- [What is needed]
Would you copy all lines in the data that contain the word "Roses"?
Segment Start: The records
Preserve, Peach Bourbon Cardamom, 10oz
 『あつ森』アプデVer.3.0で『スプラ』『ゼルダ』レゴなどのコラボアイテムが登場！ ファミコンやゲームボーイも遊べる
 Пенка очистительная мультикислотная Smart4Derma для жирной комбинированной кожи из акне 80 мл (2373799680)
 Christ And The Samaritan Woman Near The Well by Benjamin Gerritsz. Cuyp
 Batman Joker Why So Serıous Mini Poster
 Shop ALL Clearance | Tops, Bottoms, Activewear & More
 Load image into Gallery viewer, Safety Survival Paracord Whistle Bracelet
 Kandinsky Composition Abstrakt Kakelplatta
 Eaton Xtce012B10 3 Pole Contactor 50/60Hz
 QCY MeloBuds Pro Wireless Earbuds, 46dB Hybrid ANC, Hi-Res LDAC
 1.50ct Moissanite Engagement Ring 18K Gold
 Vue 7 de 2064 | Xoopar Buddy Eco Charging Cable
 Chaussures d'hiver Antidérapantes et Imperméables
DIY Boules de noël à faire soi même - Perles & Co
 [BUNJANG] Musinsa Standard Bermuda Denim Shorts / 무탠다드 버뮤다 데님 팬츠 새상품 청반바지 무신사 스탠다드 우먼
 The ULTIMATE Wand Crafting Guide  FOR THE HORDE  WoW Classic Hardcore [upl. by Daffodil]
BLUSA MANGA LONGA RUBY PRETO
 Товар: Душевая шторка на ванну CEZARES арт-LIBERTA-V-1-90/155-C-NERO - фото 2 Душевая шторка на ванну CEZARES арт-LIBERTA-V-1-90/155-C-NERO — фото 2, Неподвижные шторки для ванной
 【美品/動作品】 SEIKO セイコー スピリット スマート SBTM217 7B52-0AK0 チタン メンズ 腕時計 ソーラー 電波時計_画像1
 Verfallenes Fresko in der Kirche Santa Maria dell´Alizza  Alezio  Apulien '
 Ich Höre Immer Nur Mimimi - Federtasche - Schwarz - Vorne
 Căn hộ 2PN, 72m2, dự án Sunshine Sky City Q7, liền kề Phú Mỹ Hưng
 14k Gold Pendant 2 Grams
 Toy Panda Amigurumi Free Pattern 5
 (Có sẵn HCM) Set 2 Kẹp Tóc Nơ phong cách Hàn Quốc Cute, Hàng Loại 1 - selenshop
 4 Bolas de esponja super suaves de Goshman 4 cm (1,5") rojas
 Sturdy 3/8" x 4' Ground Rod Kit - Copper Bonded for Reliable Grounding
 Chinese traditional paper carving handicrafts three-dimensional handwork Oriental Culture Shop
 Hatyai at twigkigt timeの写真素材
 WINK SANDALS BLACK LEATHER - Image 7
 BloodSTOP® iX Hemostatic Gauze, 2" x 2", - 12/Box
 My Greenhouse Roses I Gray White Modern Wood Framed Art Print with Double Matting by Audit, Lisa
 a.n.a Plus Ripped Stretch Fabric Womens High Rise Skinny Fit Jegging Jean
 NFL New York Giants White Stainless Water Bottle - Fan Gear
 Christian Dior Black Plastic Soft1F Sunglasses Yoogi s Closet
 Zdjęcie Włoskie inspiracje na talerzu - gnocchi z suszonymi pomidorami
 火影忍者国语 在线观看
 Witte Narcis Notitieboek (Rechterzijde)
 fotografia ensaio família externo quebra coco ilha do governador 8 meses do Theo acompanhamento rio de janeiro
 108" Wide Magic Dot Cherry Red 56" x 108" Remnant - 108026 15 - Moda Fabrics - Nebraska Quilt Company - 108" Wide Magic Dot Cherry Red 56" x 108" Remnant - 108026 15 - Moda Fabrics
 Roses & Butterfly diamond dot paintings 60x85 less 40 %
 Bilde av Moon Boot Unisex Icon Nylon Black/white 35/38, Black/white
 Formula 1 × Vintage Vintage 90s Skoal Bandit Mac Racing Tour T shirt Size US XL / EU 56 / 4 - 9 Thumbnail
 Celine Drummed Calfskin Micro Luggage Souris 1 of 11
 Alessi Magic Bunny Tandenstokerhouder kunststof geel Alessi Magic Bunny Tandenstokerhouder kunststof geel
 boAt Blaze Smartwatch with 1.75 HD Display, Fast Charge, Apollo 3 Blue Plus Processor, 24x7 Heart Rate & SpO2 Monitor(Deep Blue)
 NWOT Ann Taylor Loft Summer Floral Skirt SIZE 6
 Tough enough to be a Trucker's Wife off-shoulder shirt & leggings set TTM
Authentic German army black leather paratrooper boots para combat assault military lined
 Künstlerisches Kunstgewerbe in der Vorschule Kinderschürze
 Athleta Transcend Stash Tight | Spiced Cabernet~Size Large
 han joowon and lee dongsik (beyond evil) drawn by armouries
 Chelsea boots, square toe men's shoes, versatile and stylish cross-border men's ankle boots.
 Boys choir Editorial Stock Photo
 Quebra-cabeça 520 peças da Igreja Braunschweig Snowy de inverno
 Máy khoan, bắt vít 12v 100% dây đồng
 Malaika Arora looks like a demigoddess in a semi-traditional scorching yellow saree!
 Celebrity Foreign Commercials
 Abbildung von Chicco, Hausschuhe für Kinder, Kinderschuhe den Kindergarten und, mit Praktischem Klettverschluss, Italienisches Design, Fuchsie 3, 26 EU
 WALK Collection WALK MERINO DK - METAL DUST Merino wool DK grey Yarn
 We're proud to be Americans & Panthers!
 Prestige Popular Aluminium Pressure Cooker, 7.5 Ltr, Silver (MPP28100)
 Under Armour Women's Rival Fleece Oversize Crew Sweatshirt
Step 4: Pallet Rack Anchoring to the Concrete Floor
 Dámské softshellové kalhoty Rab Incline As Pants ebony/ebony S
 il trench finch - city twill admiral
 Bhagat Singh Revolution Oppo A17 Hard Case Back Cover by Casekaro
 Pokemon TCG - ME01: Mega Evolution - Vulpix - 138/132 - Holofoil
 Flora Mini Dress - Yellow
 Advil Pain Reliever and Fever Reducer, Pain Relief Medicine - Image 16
Segment End: The records
- [Output of the task]
 My Greenhouse Roses I Gray White Modern Wood Framed Art Print with Double Matting by Audit, Lisa
 Roses & Butterfly diamond dot paintings 60x85 less 40 %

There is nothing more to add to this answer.